━━ PROVIDED DATA ━━
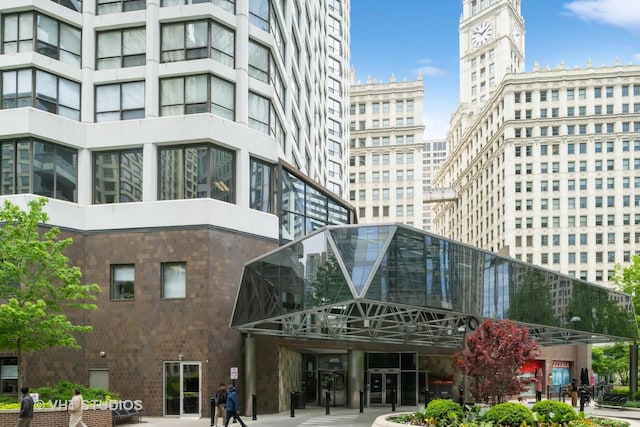 405 N Wabash Ave Unit 807, Chicago, IL 60611 - view of building exterior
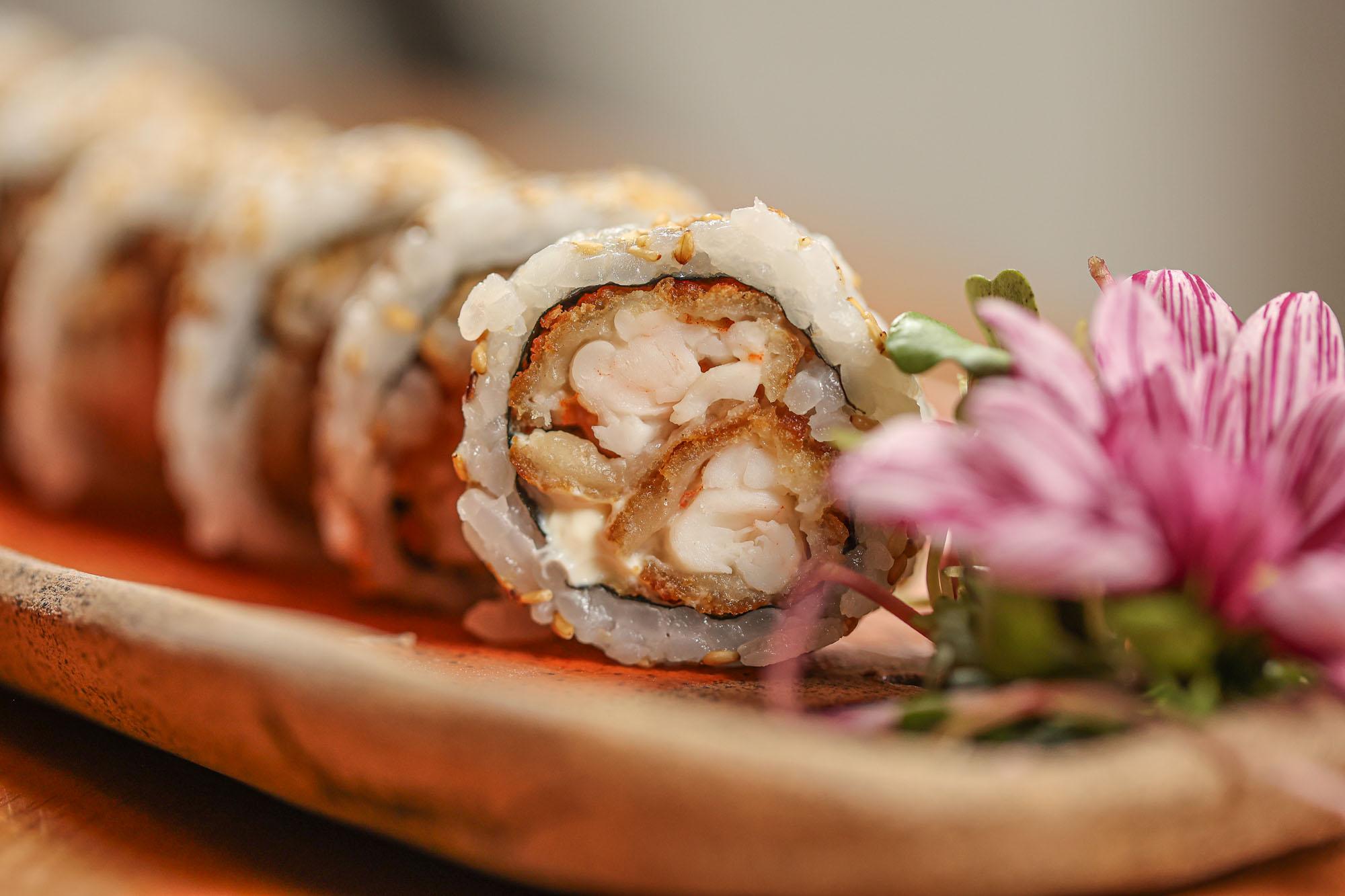 URAMAKI EBI TEMPURA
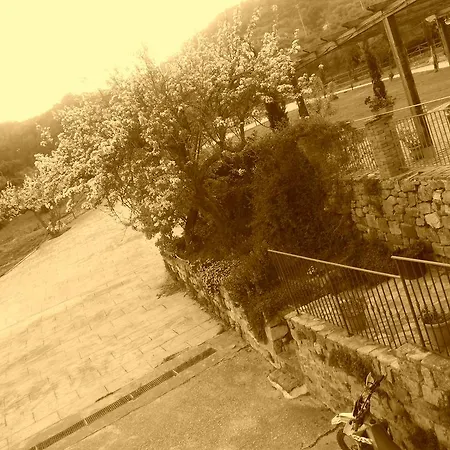 Alloggio per agriturismo Casale Valle Agnese *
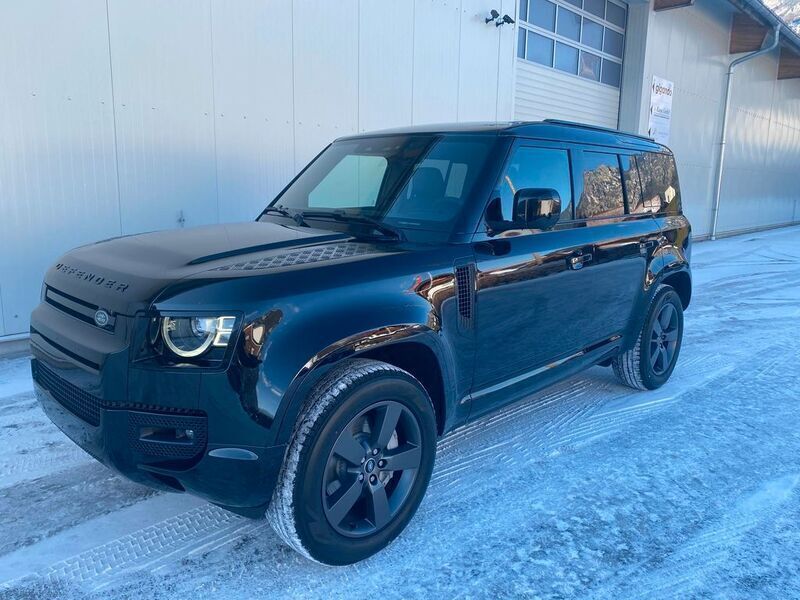 Schwarz Neu 2025 Land Rover Defender SE Dynamic SUV | 96.900 € - Bild 1/4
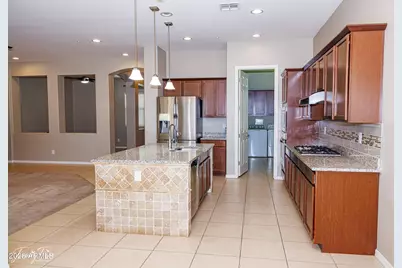 381 E Bellerive Place, Chandler, AZ 85249 - Photo 4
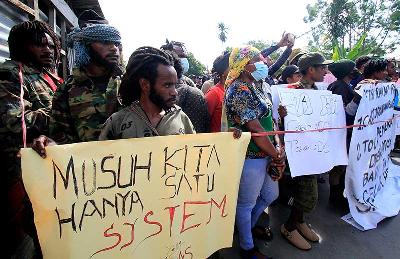 Aksi penolakan atas pemekaran Daerah Otonomi Baru di Jalan Buper, Waena, Kota Jayapura, Papua, 10 Mei 2022. ANTARA/Gusti Tanati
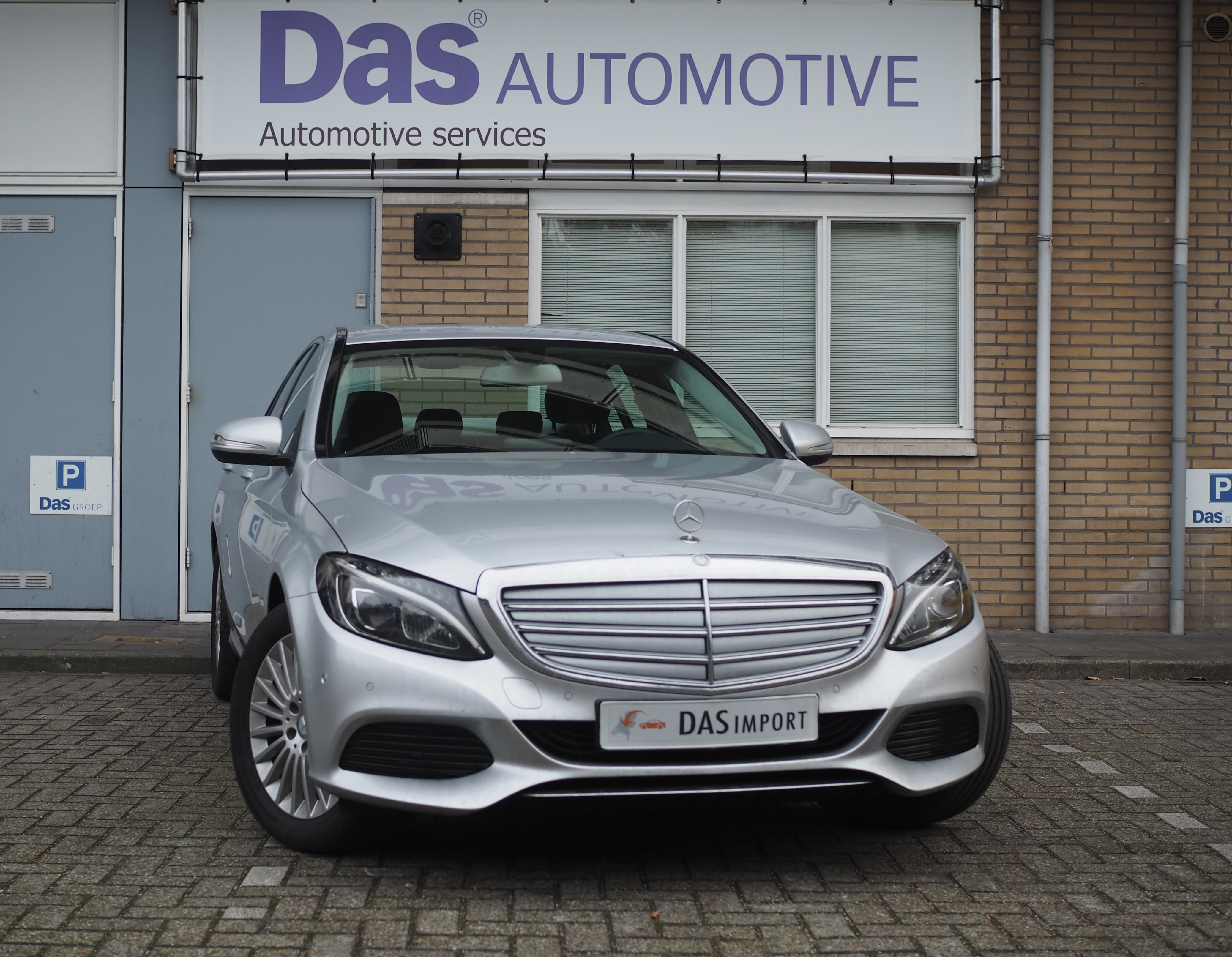 Importauto: Mercedes-Benz C-klasse 180 Exclusive Avantgarde 5/2015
━━━
▸ DESCRIPTION OF THE TASK
For this exercise, repeat word for word only the lines from the one containing "Alloggio per agriturismo" through the end of the data, including both. Pictures do not go in the copy.

▸ YOUR RESPONSE
 Alloggio per agriturismo Casale Valle Agnese *
 Schwarz Neu 2025 Land Rover Defender SE Dynamic SUV | 96.900 € - Bild 1/4
 381 E Bellerive Place, Chandler, AZ 85249 - Photo 4
 Aksi penolakan atas pemekaran Daerah Otonomi Baru di Jalan Buper, Waena, Kota Jayapura, Papua, 10 Mei 2022. ANTARA/Gusti Tanati
 Importauto: Mercedes-Benz C-klasse 180 Exclusive Avantgarde 5/2015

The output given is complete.